Many women and some men have been accused of and murdered for witchcraft due to bizarre beliefs held by the people back then. The most famous case of a witch hunt is the Salem Witch Trials, where 19 people were executed for being "witches." In reality, the witch hunt was a case of mass hysteria and lying between 1692 and 1693.

It was particularly difficult in 15th Century Europe when witch hunts were first picking up and hundreds of women were forced into false confessions of witchcraft by torture. The women who were targeted were less than ideal members of society, which made it easy to hate them. During the Salem Witch Trials, the first three women who were executed for witchcraft were Sarah Good, a homeless woman, Sarah Osborne, a mentally ill woman, and Tituba, a slave.
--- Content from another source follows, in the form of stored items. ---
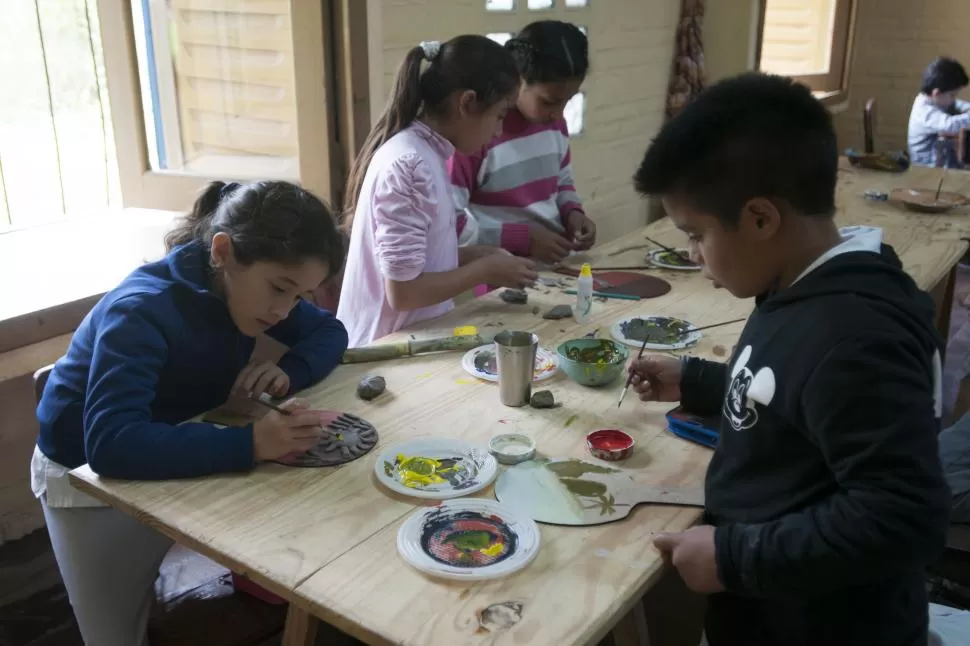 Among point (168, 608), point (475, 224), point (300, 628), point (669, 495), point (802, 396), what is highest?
point (802, 396)

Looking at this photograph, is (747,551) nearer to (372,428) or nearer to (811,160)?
(811,160)

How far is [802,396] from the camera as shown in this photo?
99 centimetres

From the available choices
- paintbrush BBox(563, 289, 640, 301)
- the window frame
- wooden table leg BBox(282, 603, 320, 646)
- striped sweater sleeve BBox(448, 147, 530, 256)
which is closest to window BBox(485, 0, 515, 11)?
striped sweater sleeve BBox(448, 147, 530, 256)

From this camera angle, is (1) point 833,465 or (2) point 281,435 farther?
(2) point 281,435

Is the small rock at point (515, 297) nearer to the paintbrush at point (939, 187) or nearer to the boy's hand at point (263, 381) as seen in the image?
the boy's hand at point (263, 381)

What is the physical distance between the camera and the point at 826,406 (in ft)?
3.09

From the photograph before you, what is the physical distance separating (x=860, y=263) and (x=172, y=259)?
43.8 inches

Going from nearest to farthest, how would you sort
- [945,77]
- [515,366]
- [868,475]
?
[868,475]
[515,366]
[945,77]

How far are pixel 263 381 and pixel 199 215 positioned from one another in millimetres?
348

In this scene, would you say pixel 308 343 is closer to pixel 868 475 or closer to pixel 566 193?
pixel 868 475

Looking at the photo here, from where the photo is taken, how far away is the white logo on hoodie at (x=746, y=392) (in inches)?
41.7

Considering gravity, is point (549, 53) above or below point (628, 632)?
above

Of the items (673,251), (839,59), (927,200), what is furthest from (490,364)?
(839,59)

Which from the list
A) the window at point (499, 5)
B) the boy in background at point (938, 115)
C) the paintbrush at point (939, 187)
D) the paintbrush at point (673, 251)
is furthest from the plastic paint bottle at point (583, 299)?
the boy in background at point (938, 115)
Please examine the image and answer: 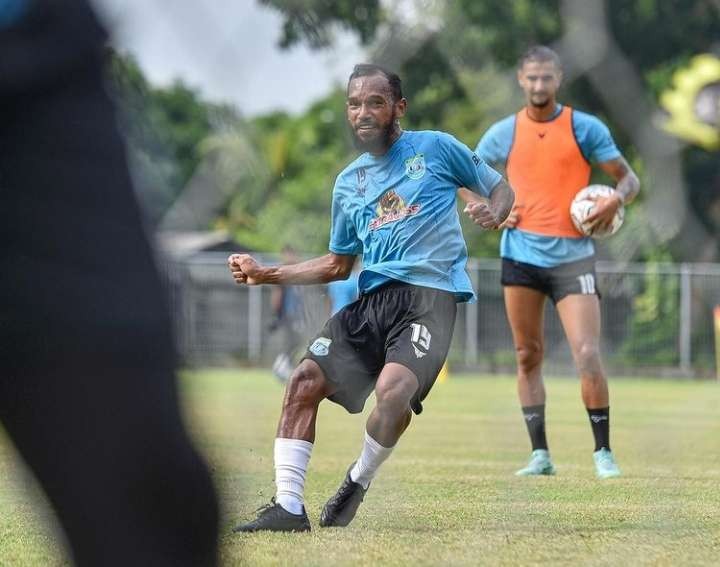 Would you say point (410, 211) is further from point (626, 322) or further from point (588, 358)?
point (626, 322)

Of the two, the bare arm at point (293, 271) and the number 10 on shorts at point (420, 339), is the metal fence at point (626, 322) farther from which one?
the number 10 on shorts at point (420, 339)

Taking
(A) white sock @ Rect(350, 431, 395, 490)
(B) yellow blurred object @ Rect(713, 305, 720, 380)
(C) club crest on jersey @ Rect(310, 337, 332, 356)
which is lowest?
→ (B) yellow blurred object @ Rect(713, 305, 720, 380)

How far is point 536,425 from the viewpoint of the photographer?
23.0 ft

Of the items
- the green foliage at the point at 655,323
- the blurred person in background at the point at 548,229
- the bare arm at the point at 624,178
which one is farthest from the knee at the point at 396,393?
the green foliage at the point at 655,323

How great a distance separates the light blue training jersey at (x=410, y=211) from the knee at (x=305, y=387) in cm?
42

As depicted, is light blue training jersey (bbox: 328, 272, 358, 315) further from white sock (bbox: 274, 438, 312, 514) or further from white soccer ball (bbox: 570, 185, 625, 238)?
white sock (bbox: 274, 438, 312, 514)

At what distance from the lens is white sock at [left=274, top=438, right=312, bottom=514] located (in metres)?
4.62

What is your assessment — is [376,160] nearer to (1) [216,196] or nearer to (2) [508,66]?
(1) [216,196]

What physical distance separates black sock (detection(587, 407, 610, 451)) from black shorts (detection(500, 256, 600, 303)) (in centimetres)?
56

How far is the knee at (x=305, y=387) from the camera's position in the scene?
4793mm

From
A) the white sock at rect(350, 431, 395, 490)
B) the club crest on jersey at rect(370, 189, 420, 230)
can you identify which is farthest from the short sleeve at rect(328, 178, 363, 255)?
the white sock at rect(350, 431, 395, 490)

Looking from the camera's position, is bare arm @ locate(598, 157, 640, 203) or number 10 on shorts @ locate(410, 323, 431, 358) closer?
number 10 on shorts @ locate(410, 323, 431, 358)

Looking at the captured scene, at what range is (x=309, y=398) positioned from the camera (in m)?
4.80

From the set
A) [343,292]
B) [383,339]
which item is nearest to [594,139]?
[383,339] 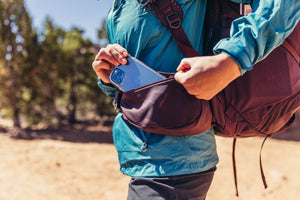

Now, witches and witchcraft are widely accepted (as in, no one is killed for their practice) and easily understood. Modern witches use a lot of practices that witches of the past were killed for, such as herbalism and tarot reading. Witches have also been indoctrinated into media, with shows like Sabrina the Teenage Witch, Charmed, and Bewitched.

Although ancestors of the past genuinely thought that the people they ordered to be killed were witches casting evil spells on people, it's become more and more obvious that the people killed were people who didn't perfectly fit in with society and became targets.